On 09/13/2017 09:54 AM, Michael Ulbrich wrote:
> Hi all,
>
> we've a small (?) problem with a 2-node cluster on Debian 8:
>
> Linux h1b 3.16.0-4-amd64 #1 SMP Debian 3.16.43-2+deb8u2 (2017-06-26)
> x86_64 GNU/Linux
>
> ocfs2-tools 1.6.4-3
>
> Two ocfs2 filesystems (drbd0 600 GB w/ 8 slots and drbd1 6 TB w/ 6
> slots) are created on top of drbd w/ 4k block and cluster size,
> 'max_features' enabled.
>
> cluster.conf assigns sequential node numbers 1 - 8. Nodes 1, 2 are the
> hypervisors. Nodes 3, 4, 5 are VMs on node 1. Nodes 6, 7, 8 the
> corresponding VMs on node 2.
>
> VMs all run Debian 8 as well:
>
> Linux srv2 3.16.0-4-amd64 #1 SMP Debian 3.16.39-1 (2016-12-30) x86_64
> GNU/Linux
>
> When mounting drbd0 in order of increasing node numbers and concurrently
> watching the 'hb' output from debugsfs.ocfs2 we get a clean slot map (?):
>
> hb
>         node: node              seq       generation checksum
>            1:    1 0000000059b8d94a fa60f0d8423590d9 edec9643
>            2:    2 0000000059b8d94c aca059df4670f467 994e3458
>            3:    3 0000000059b8d949 f03dc9ba8f27582c d4473fc2
>            4:    4 0000000059b8d94b df5bbdb756e757f8 12a198eb
>            5:    5 0000000059b8d94a 1af81d94a7cb681b 91fba906
>            6:    6 0000000059b8d94b 104538f30cdb35fa 8713e798
>            7:    7 0000000059b8d94b 195658c9fb8ca7f9 5e54edf6
>            8:    8 0000000059b8d949 dc6bfb46b9cf1ac3 de7a8757
>
> Device drbd1 in contrast yields the following table after mounting on
> nodes 1, 2:
>
> hb
>         node: node              seq       generation checksum
>            8:    1 0000000059b8d9ba 73a63eb550a33095 f4e074d1
>           16:    2 0000000059b8d9b9 5c7504c05637983e 07d696ec
>
> Proceeding with the drbd1 mounts on nodes 3, 5, 6 leads us to:
>
> hb
>         node: node              seq       generation checksum
>            3:    3 0000000059b8da3b 9443b4b209b16175 f2cc87ec
>            5:    5 0000000059b8da3c 4b742f709377466f 3ac41cf3
>            6:    6 0000000059b8da3b d96e2de0a55514f6 335a4d90
>            8:    1 0000000059b8da3c 73a63eb550a33095 2312c1c4
>           16:    2 0000000059b8da3d 5c7504c05637983e 659571a1
>
> The problem arises when trying to mount node 8 since its slot is already
> occupied by node 1:
>
> kern.log node 1:
>
> (o2hb-0AEE381A14,50990,4):o2hb_check_own_slot:582 ERROR: Another node is
> heartbeating on device (drbd1): expected(1:0x18acf7b0b3e5544c,
> 0x59b8445c), ondisk(8:0xb91302db72a65364, 0x59b8445b)
>
> kern.log node 8:
>
> ocfs2: Mounting device (254,16) on (node 8, slot 7) with ordered data mode.

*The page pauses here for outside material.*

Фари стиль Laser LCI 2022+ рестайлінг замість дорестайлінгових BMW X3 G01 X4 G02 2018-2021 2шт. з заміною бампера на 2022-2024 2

> (o2hb-0AEE381A14,518,1):o2hb_check_own_slot:582 ERROR: Another node is
> heartbeating on device (vdc): expected(8:0x18acf7b0b3e5544c,
> 0x59b8445c), ondisk(1:0x18acf7b0b3e5544c, 0x59b8445c)
>
> This can be "fixed" by exchanging node numbers 1 and 8 in cluster.conf.

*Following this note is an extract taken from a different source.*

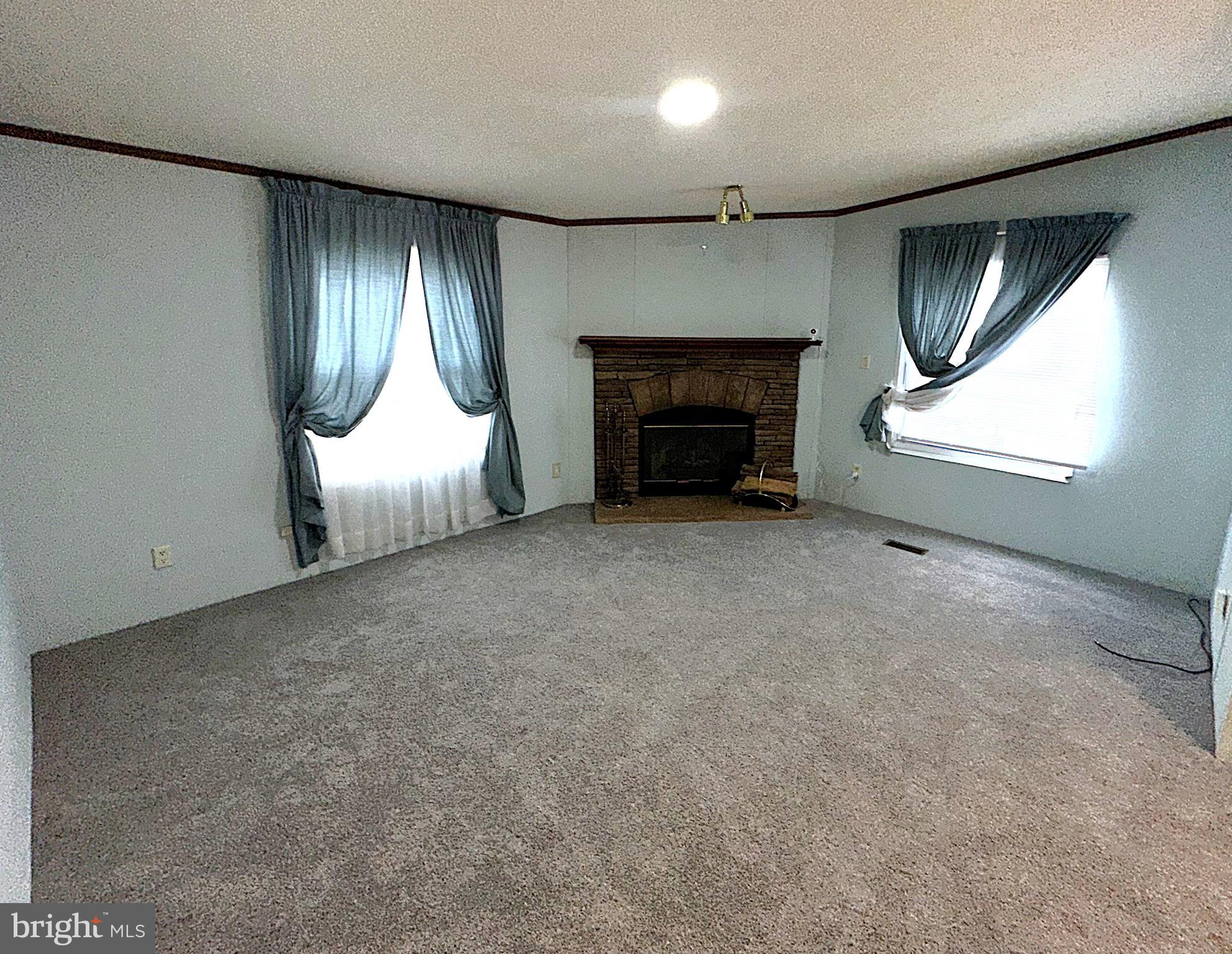 HOLIDAY MOBILE ESTATES - Residential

> Then node 8 will be assigned slot 8, node 2 stays in slot 16, 3 to 7 as
> expected. There is no node 16 configured so there's no conflict. But
> since we experience some other so far not explainable instabilities with
> this ocfs2 device / system during operation further down the road we
> decided to take care of and try to fix this issue first.
>
> Somehow the failure reminds of bit shift or masking problems:
>
> 1 << 3 = 8
> 2 << 3 = 16
>
> But then again - what do I know ...
>
> Tried so far:
>
> A. Create offending file system with 8 slots instead of 6 -> same issue.
> B. Set features to 'default' (disables feature 'extended-slotmap') ->
> same issue.
>
> We'd very much appreciate any comments on this. Has anything similar
> ever been experienced before? Are we completely missing something
> important here?
>
> If there's a fix already out for this any pointers (src files / commits)
> to where to look would be greatly appreciated.
>
> Thanks in advance + Best regards ... Michael U.